The blue blanched figures—system of a bird—
possess the future in the singing spring,
syrinx opulens, the eye a ring
noon will burn in like a perfect word
in a breathing sentence the silence blurred.
Principally throat, motion arriving
aural integral or static wing
comes to this remonstrance, harm, high, heard
and white kept opiate the nothing wides.
Palliative the skewed sky shackles, flails.
High integument that curts and glides
and beads the waters where its silver sails
the streaming numbers, aureate scales.
Enough says the girl and screams and hides.

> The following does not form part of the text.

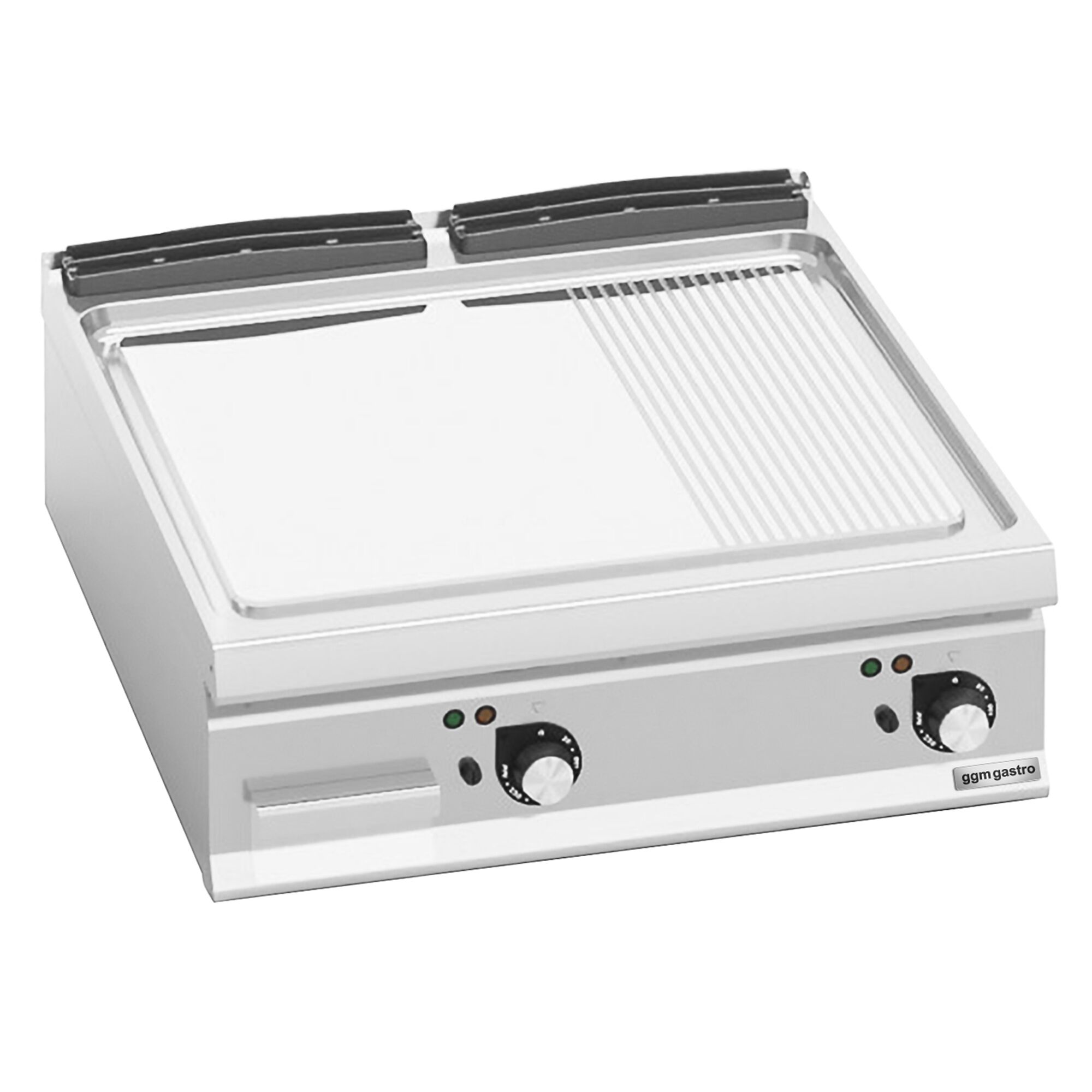Plaque de cuisson électrique - 13,2 kW - lisse & rainurée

Some might say Volkman can handle the sonnet’s prosodic strictures so easily only because she’s excused herself from the form’s traditional obligation to make an argument, or at least sense. What, after all, does this poem mean? Since when is “curt” a verb? Why is the sky skewed, and what does it shackle? Where did that girl at the end come from, and what’s she so upset about? Sonnets by hall-of-famers like Petrarch, Shakespeare, and Spenser may be (and are) subjected to multiple interpretations; still, it’s usually clear what they’re about on some basic level.
Volkman’s sonnets make a different kind of sense, though. I can’t offer a convincing gloss of the poem above, but if I overheard someone reading it aloud in the next room, so that I could make out its cadences but not the words themselves, it would sound completely intelligible, because its sentences are structured in ways I expect from a sonnet making some kind of argument. What Volkman’s sonnets are “about” is the syntactical and sonic rhetoric of the sonnet itself. The poem’s form isn’t a means to an end, as in a traditional sonnet; it’s an end in itself, a demonstration of itself.

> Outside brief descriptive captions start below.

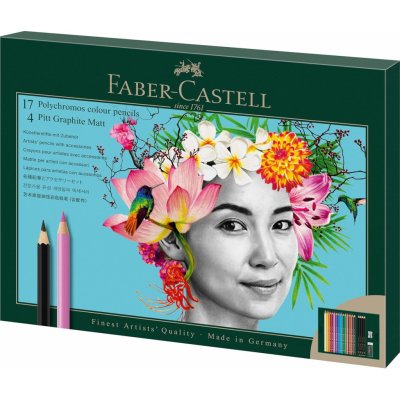 Faber-Castell 210052 kreativní sada Polychromos & Pitt Graphite Matt s příslušenstvím 23 ks – Hledejceny.cz
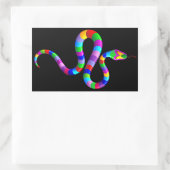 Sticker arc-en-ciel psychédélique serpent (Sac)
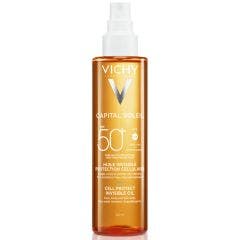 Huile Invisible Protection Cellulaire SPF50+ 200ml Capital Soleil Vichy♦Huile Invisible Protection Cellulaire SPF50+ 200ml Capital Soleil Protect 200ml Capital Soleil Vichy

There’s also a wily rhetoric of diction at work in these poems. Considered in isolation, the words which end each line in the sonnet above might seem to have been lifted from a deeply sappy, long-forgotten nineteenth-century poetess. In context, though, we see those stereotypically poetic words in pitched battle with the other registers of vocabulary in the poem: colloquial, erudite, foreign, even scientific. The poem enacts its argument not in the form of ideas expressed by its words’ denotative values, but by setting up a conflict between different types of words, their connotations, histories, and associations.
Nomina’s sameness of sound and scheme from page to page can make the poems begin to blur together, so it’s best to take them in small doses. Yet Volkman’s subversive exploration of the most venerable of all traditional forms is undeniably fascinating. Of these three books, hers is both the most volatile and the most fastidious. All three, though, are excellent specimens to wave under the nose of anyone who says there’s no freedom to be found in formal verse, or form in free.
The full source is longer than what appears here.